Improbable Diplomats: How Ping-Pong Players, Musicians, and Scientists Remade US-China Relations

Title

Improbable Diplomats: How Ping-Pong Players, Musicians, and Scientists Remade US-China Relations

Abstract

This talk by Pete Millwood (University of Melbourne) was based on his new book, Improbable Diplomats: How Ping-Pong Players, Musicians, and Scientists Remade US-China Relations.

In 1971, Americans made two historic visits to China that would transform relations between the two countries. One was by US official Henry Kissinger; the other, earlier, visit was by the US table tennis team. Historians have mulled over the transcripts of Kissinger’s negotiations with Chinese leaders. However, they have overlooked how, alongside these diplomatic talks, a rich program of travel and exchange had begun with ping-pong diplomacy.

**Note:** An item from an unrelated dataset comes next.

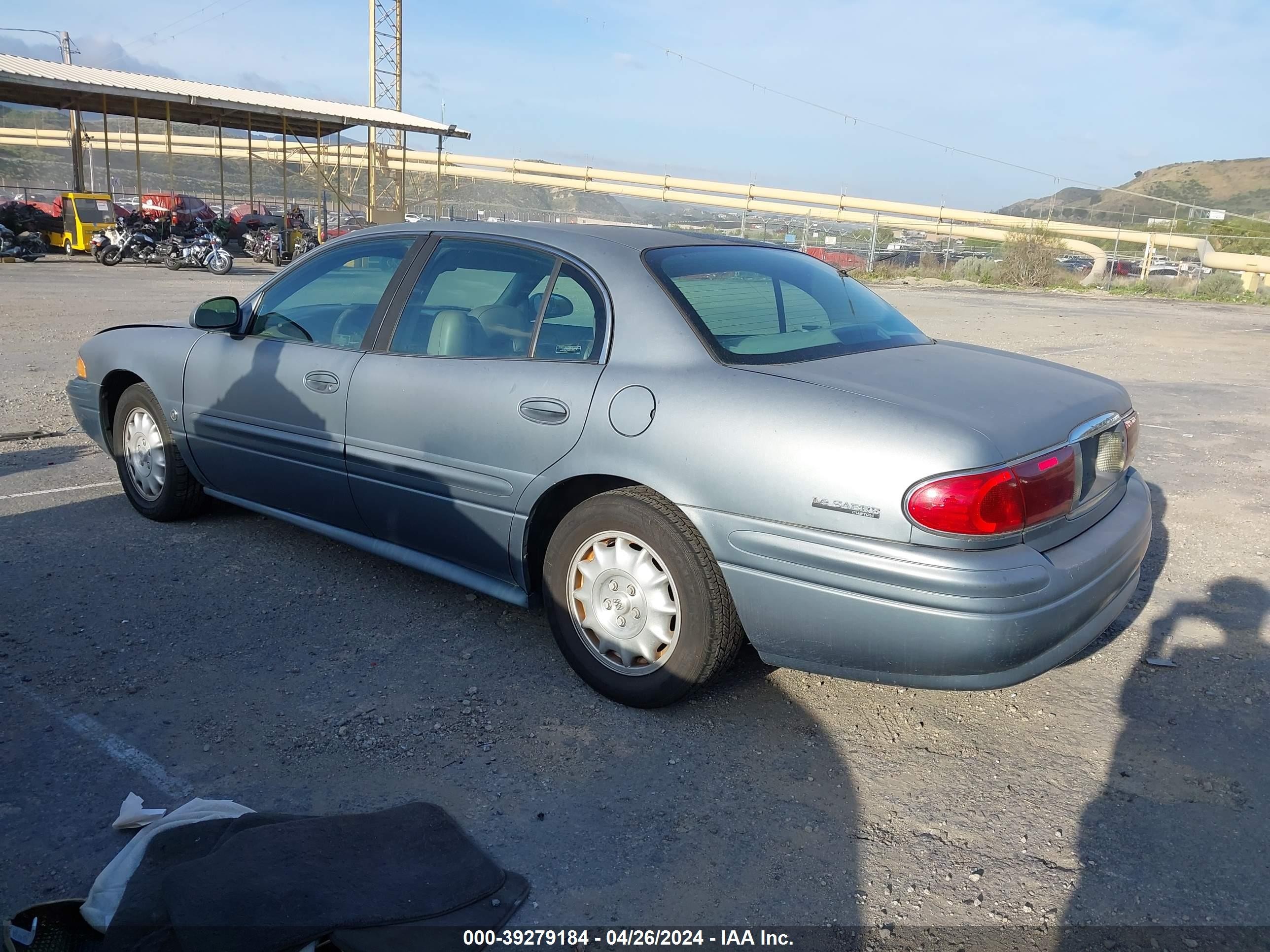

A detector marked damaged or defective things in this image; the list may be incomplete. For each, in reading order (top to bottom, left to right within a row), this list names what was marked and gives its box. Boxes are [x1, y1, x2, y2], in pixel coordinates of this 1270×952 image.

cracked asphalt [0, 256, 1262, 938]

Improbable Diplomats reveals how a diverse cast of Chinese and Americans – athletes and physicists, performing artists and seismologists – played a critical, but to date overlooked, role in remaking US-China relations. Based on new sources from more than a dozen archives in China and the United States, Dr. Millwood argued that the significance of cultural and scientific exchanges went beyond reacquainting the Chinese and American people after two decades of minimal contact; exchanges also powerfully influenced Sino-American diplomatic relations and helped transform post-Mao China.

Biography

Pete Millwood is a historian of the Chinese world’s international and transnational relations, particularly with the United States. He is a Lecturer (equivalent to Assistant Professor) in East Asian History at the University of Melbourne. Improbable Diplomats is his first book and was published by Cambridge University Press in December 2022. Millwood’s research has also been published in Diplomatic History and the Journal of Contemporary History, and his writing and research has been featured in the Washington Post, History Today, the South China Morning Post, and on BBC Radio 4.